• _What the exercise asks_
Below are entries with pictures among them; reproduce exactly, and only, the lines from the one containing "Arrojan una piedra" down to the one containing "BellaRoux1 online show from 9, 1, 2026", without the pictures.

• _Records supplied_
==*==
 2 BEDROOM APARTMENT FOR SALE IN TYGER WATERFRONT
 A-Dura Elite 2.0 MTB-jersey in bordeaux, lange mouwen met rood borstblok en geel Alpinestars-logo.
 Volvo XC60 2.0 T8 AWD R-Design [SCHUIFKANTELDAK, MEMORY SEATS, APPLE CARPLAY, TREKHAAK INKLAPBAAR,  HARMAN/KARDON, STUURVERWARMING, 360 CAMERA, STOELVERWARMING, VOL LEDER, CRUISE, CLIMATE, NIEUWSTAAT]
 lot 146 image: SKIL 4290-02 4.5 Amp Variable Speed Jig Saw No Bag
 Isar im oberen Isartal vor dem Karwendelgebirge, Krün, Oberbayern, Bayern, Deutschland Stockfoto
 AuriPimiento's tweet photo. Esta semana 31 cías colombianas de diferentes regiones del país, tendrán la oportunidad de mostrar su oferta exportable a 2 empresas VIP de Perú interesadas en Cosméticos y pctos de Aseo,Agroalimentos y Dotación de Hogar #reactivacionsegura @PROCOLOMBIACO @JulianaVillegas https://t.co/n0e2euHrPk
==*==
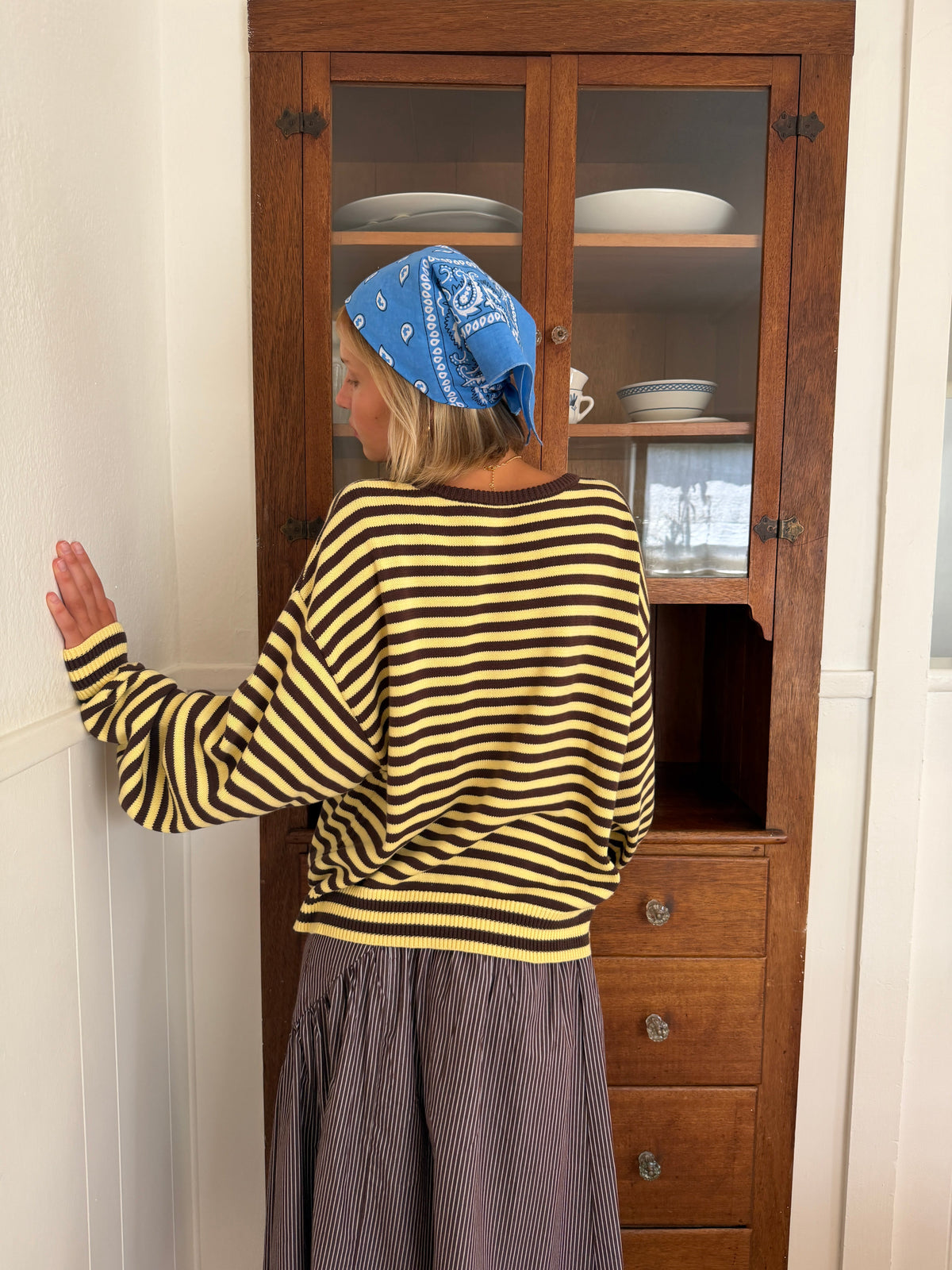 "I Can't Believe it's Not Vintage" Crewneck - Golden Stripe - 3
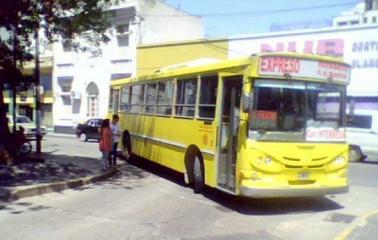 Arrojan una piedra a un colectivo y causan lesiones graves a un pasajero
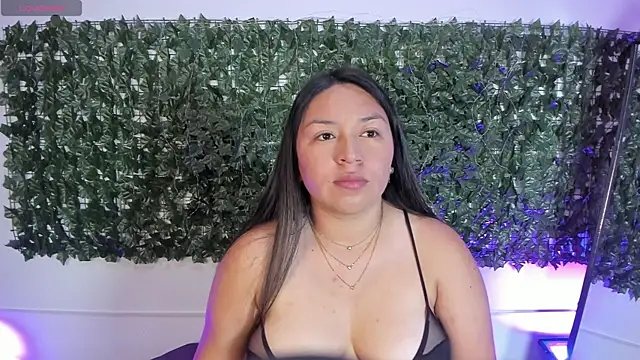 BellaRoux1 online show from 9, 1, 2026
==*==
• _Written response_
 Arrojan una piedra a un colectivo y causan lesiones graves a un pasajero
 BellaRoux1 online show from 9, 1, 2026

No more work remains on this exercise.